No need to wait for it to stop dripping, a slight line or drip down the side is just fine and close enough.


----------



## Shawn855 (May 25, 2016)

Hrmm okay thanks. I still don't think I'm at the correct level. I followed all the steps precisely except for knowing the exact temp of my transmission when checking it a final time (my OBD2 scanner doesn't read trans temp) so i instead took it for a nice long ride, and then checked it. But since changing the fluid, when the car is cold and i leave my house, the car jerks in first gear. Best way to describe it is when driving a manual, and you let go of the clutch too quickly and it jerks. Same exact thing. Only happens when cold in the morning, and if i'm on a hill at a stop light, then take off, it jerks while in first gear. Rest of the gears shift fine.

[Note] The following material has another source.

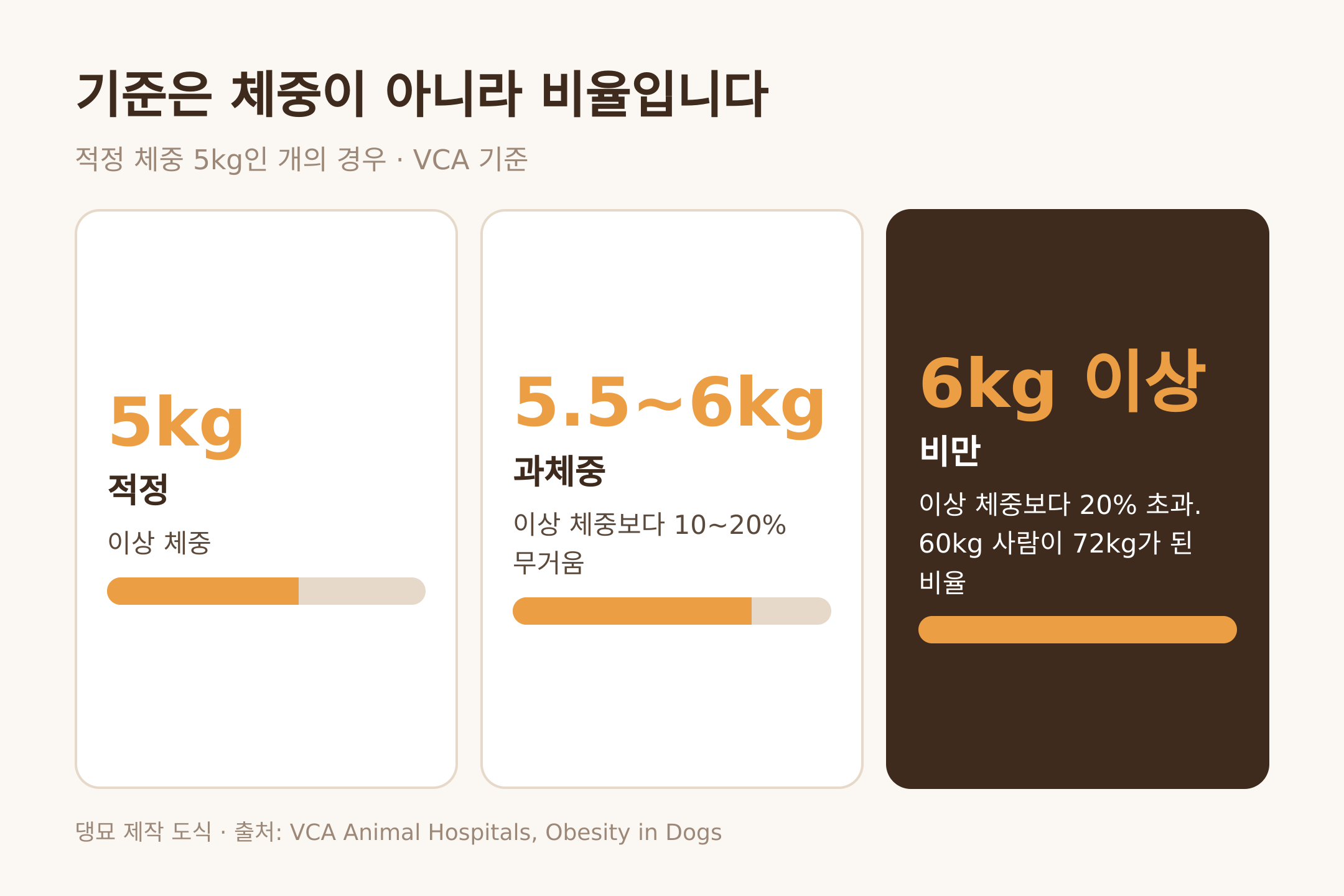 댕묘 제작 도식. 적정 5kg 개의 과체중과 비만 경계선, VCA 기준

Because this happens in the morning after cold start,or when on a hill, this would point to my transmission being UNDER filled right?What do you guys think.


----------



## Shawn855 (May 25, 2016)

2016 cruze limited, 1.8l, 83,000kms btw.


----------



## Shawn855 (May 25, 2016)

I'm wondering if this is why: "One interesting note affects newer vehicles equipped with adaptive transmissions. These units “learn” your driving habits and the characteristics of the fluid to adjust shifts accordingly. As the fluid loses its frictional properties, the computer compensates and adjusts transmission performance.* If you’ve recently changed your fluid,* the computer may still operate as if old fluid is installed, causing poor shift quality. In these cases, keep driving and eventually the computer will “relearn” your driving habits and the behavior of the new fluid and adjust accordingly".


----------